↓
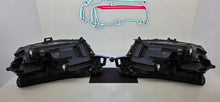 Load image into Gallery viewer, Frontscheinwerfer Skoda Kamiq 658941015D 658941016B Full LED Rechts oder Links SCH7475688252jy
↑
↓
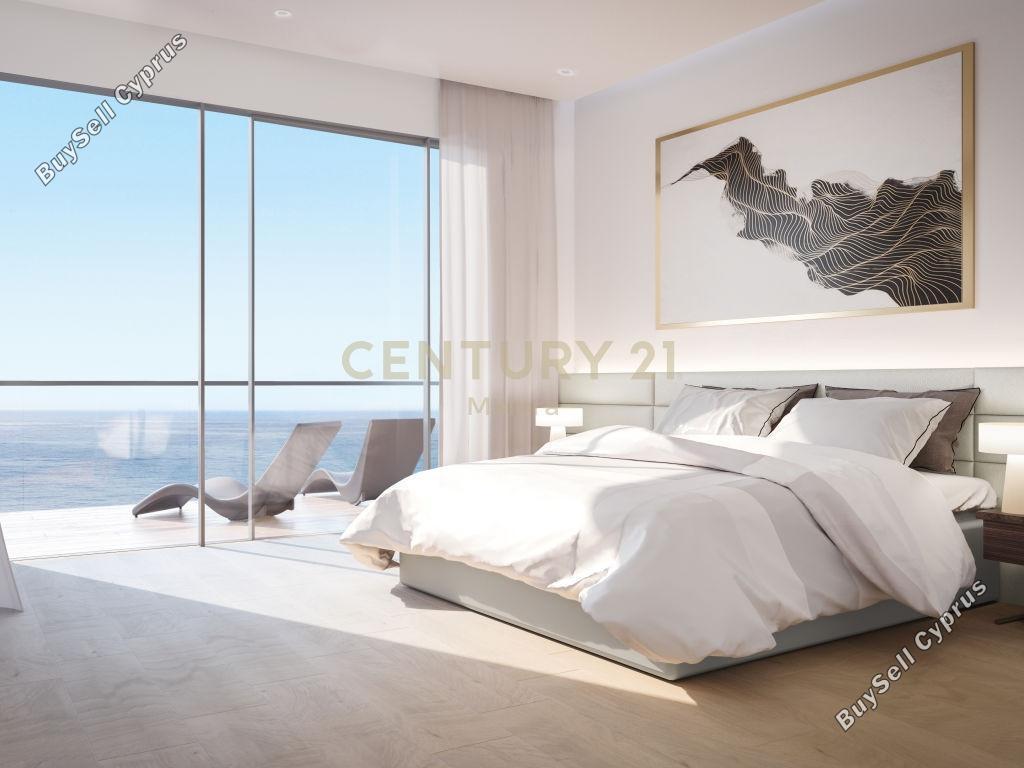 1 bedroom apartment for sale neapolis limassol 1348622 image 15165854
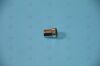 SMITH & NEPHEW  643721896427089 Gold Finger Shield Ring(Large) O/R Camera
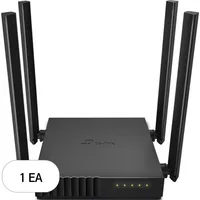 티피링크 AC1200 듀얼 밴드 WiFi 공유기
↑
↓
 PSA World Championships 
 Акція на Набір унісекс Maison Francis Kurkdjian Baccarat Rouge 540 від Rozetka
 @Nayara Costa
↑
Beginning with the line holding "SMITH & NEPHEW" in the material above, restate word for word each line through the line holding "티피링크 AC1200 듀얼 밴드 WiFi 공유기", and exclude pictures.

**Answer section:**
 SMITH & NEPHEW  643721896427089 Gold Finger Shield Ring(Large) O/R Camera
 티피링크 AC1200 듀얼 밴드 WiFi 공유기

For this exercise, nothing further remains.